= Beginning of Section =
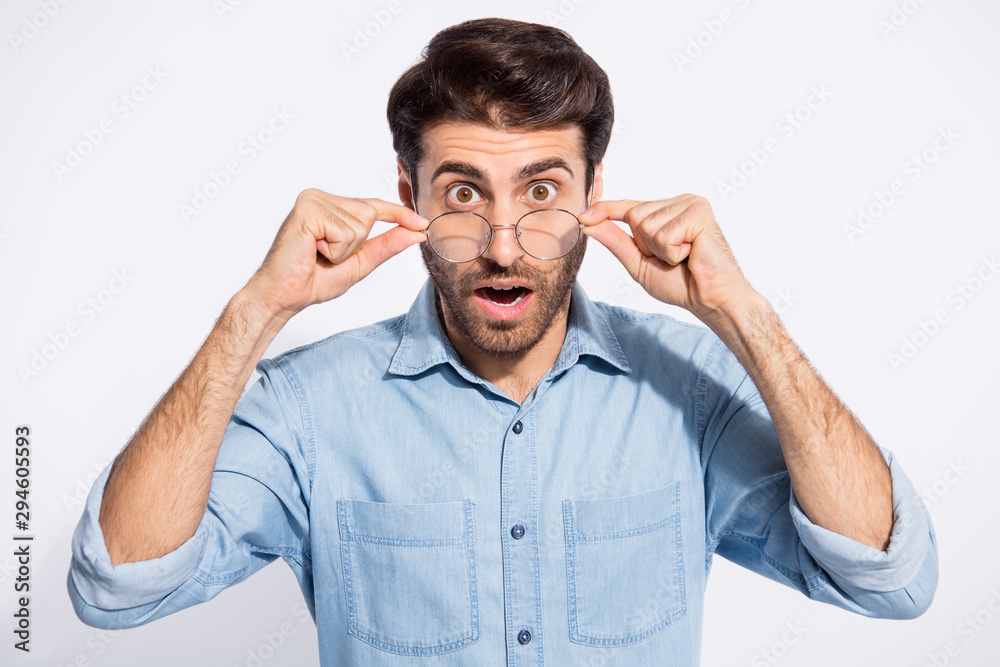Closeup photo of handsome indian guy not believe eyes staring on awful bad news on television wear specs casual denim shirt isolated white color background Closeup photo of handsome indian guy not believe eyes staring on awful bad news on television wear specs casual denim shirt isolated white color background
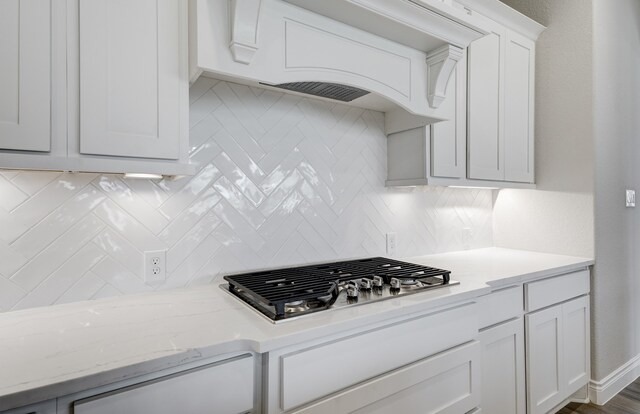12611 Faded Sky Ct, Cypress, TX 77433 - kitchen with stainless steel gas cooktop, backsplash, white cabinets, and light stone counters
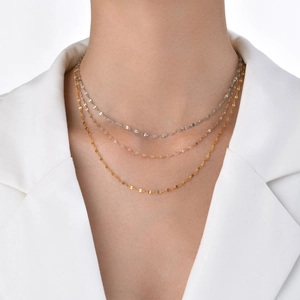Close-up of gold, silver, and rose gold minimalist thin chain necklaces worn on a model
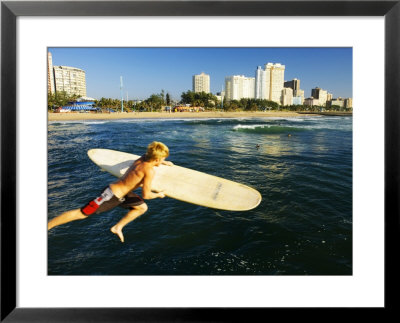 A Surfer Jumps Into The Sea With The Golden Mile In The Background, Kwazulu-Natal, South Africa by Roger De La Harpe Pricing Limited Edition Print image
= End of Section =
Write out again, exactly, the lines from the start of the listing up to the line containing "12611 Faded Sky", with both ends and without pictures.

Closeup photo of handsome indian guy not believe eyes staring on awful bad news on television wear specs casual denim shirt isolated white color background Closeup photo of handsome indian guy not believe eyes staring on awful bad news on television wear specs casual denim shirt isolated white color background
12611 Faded Sky Ct, Cypress, TX 77433 - kitchen with stainless steel gas cooktop, backsplash, white cabinets, and light stone counters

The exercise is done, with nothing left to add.